Ruling of the Trial Court
After trial, the RTC convicted the appellant. The dispositive portion of the Decision reads:
WHEREFORE, in light of the foregoing facts and considerations, this Court hereby renders judgment finding the accused Roberto Yap-Obeles, Johnny Bautista y Bautista and Jerry Morales y Ursal all GUILTY beyond reasonable doubt as principals in the crime of Kidnapping for Ranson, as this felony is defined and penalized under Article 267 of the Revised Penal Code, as amended by Republic Act No. 7659, and are sentenced each to death. The same accused are further ordered to restore and to pay jointly and severally the family of the victim Fritzie So the sum of Php1,000,000.00, by way of restitution, and the sum of Php200,000.00, as moral damages, plus costs of suit.
x x x x
SO ORDERED.32
Ruling of the Appellate Court
On March 18, 2009, the CA affirmed the judgment of the lower court with a modification as to the penalty. The CA noted that the passage of Republic Act No. 9346, otherwise known as "An Act Prohibiting the Imposition of the Death Penalty in the Philippines," effectively proscribed the imposition of the death penalty. In lieu of which, the CA imposed reclusion perpetua without eligibility of parole, notwithstanding the mitigating circumstance of voluntary surrender. The CA reasoned that a single indivisible penalty, like reclusion perpetua, is "applied by the courts regardless of any mitigating or aggravating circumstances that may have attended the commission of the deed"33. The dispositive portion of the Decision reads:
WHEREFORE, the appealed Decision is affirmed with the MODIFICATION that appellants are each sentenced to reclusion perpetua. Costs against the appellants.
SO ORDERED.34
The Issues
Bautista contends in his Brief that:35
1. The court a quo gravely erred in giving full credence to the testimonies of the prosecution witnesses;
2. Assuming arguendo that the accused-appellant is guilty, the court a quo gravely erred in finding that the accused-appellant acted in conspiracy with the other co-accused and in not finding that his participation in the commission of the crime was as a mere accomplice.36
The Court’s Ruling
We sustain appellant’s conviction.
Factual Findings of the Trial Court should be Respected
In his Brief, accused-appellant argues that the trial court failed to consider several inconsistencies in the testimonies of the victim. Notably, he pounds on the fact that on cross-examination Fritzie stated that she had no personal knowledge of the participation of the accused-appellant in the alleged kidnapping for ransom. It is his position that Fritzie’s identification was merely derived from the confession of the state witness, Palapar.

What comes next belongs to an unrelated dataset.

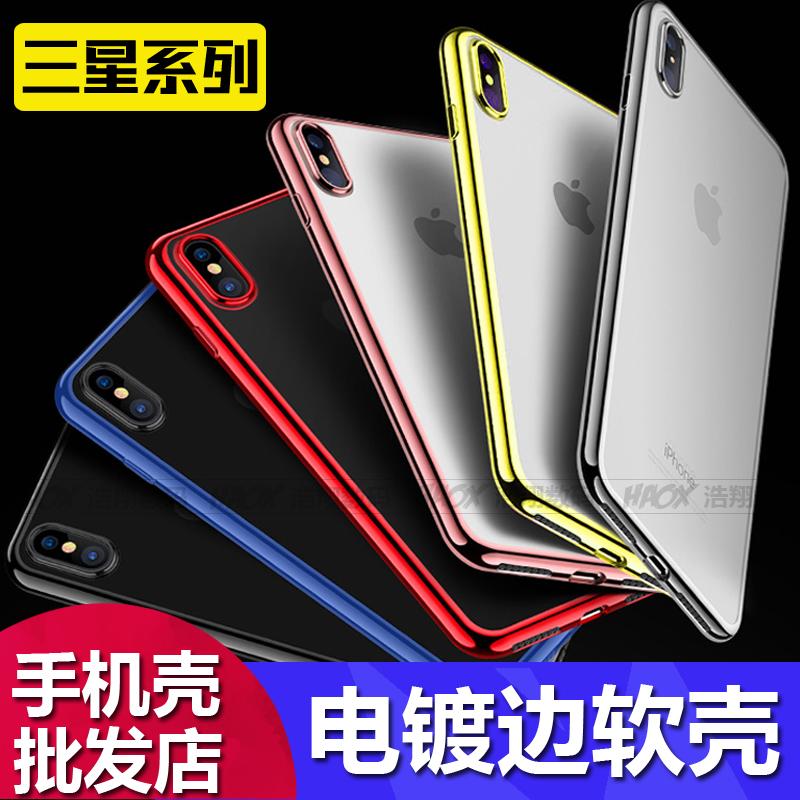 j7手機殼Samsung保護殼三星 C7 C9 Pro C8/J7plus TPU高透全電鍍邊手機軟殼保護套批發1911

In addition, accused-appellant asserts that the trial court also failed to consider the material inconsistencies of the testimony of the victim’s brother, Dexter, with regard to his (accused-appellant’s) identification as the recipient of the ransom money.
We do not agree.
After a careful perusal of the records of this case, this Court finds no cogent reason to question the trial court’s assessment of the credibility of the witnesses.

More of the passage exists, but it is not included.